[Source data Boundary: Start]

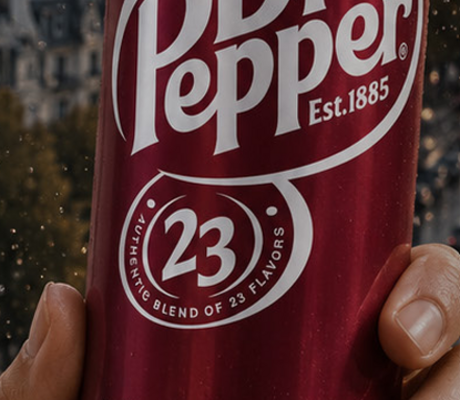 crédit DR PEPPER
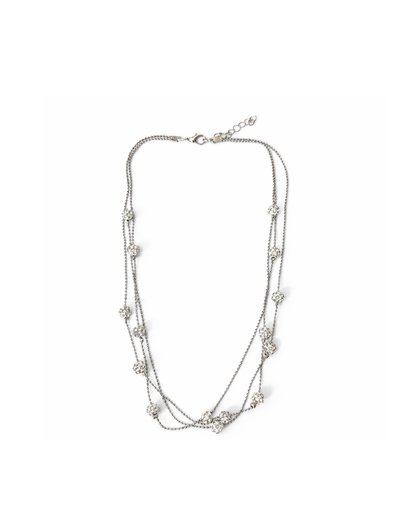 Svasti : Gold/Silver Plated Layered Necklace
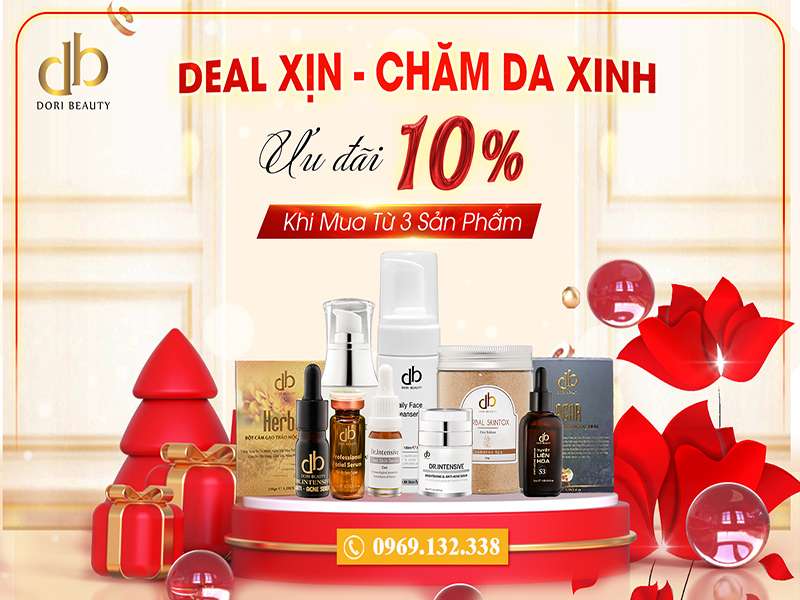 [Hot] Deal Xịn Chưa Từng Có - Cho Da Xinh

[Source data Boundary: End]

**Your goal**
The copy has to start at the line that contains "Svasti : Gold/Silver Plated Layered Necklace" and end at the last line of the material above, matching the original exactly and holding no pictures.

**Answer section**
 Svasti : Gold/Silver Plated Layered Necklace
 [Hot] Deal Xịn Chưa Từng Có - Cho Da Xinh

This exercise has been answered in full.